Cantautori, la battaglia contro i servizi di streaming per aumentare le royalty
Il caso della NMPA e della NSAI includerà cinque cantautori testimoni: Autumn Rowe, Steve Bogard, Jamie Floyd, Angela Hunte e Jimmy Yeary. Tutti loro spiegheranno come, anche scrivendo grandi successi, non possono ancora guadagnarsi da vivere solo scrivendo canzoni.
I servizi di streaming, infatti, propongono le tariffe più basse della storia. Inoltre, utilizzano un linguaggio volutamente confuso per nascondere quanto devestanti sarebbero le loro richieste per i cantautori. Innanzitutto, bisogna capire che gli autori e gli editori non sono pagati per flusso, ma in percentuale sulle entrate totali. Il tasso di royalty, attualmente, dovrebbe essere intorno al 15% delle entrate. Le compagnie tecnologiche, però, stanno trascinando per le lunghe i processi legali nel tentativo di non pagare. NMPA e NSAI stanno lavorando affinché le royalty siano aumentate al 20%.

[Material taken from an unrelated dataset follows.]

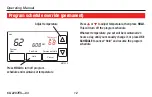 Preview for 14 page of Honeywell RTH7600 Series Operating Manual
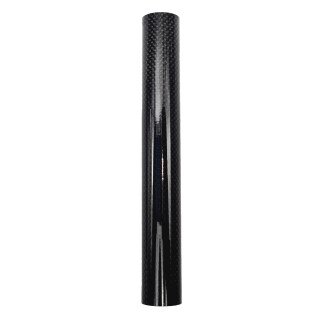 Alps Carbon Spacer 84,6mm - Außen Ø 14,6mm Schwarz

I servizi di streaming non vogliono pagare, anche se hanno i soldi
Al momento, nonostante le aziende dichiarino di non poter pagare gli artisti, Spotify possiede oltre 3 miliardi di dollari. Più di quanto abbia pagato i suoi cantautori ed editori in tutta la sua storia. L’azienda, al momento, vale 47 miliardi di dollari. Amanzon e Apple, invece, attualmente sono valutate 1,74 trilioni e 2,4 trilioni di dollari. Nonostante questo, il profitto generato dai loro servizi di musica in streaming è in gran parte irrilevante.
«Gli autori di canzoni, e i loro alleati artisti, devono capire cosa stanno cercando di fare le compagnie tech e far sentire la loro voce». A dirlo David Israelite, presidente e AD della NMPA. «Questa è una partita lunga che si giocherà in gran parte l’anno prossimo. Bisogna prestare la massima attenzione e diffidare dalle argomentazioni da parte dei giganti tecnologici».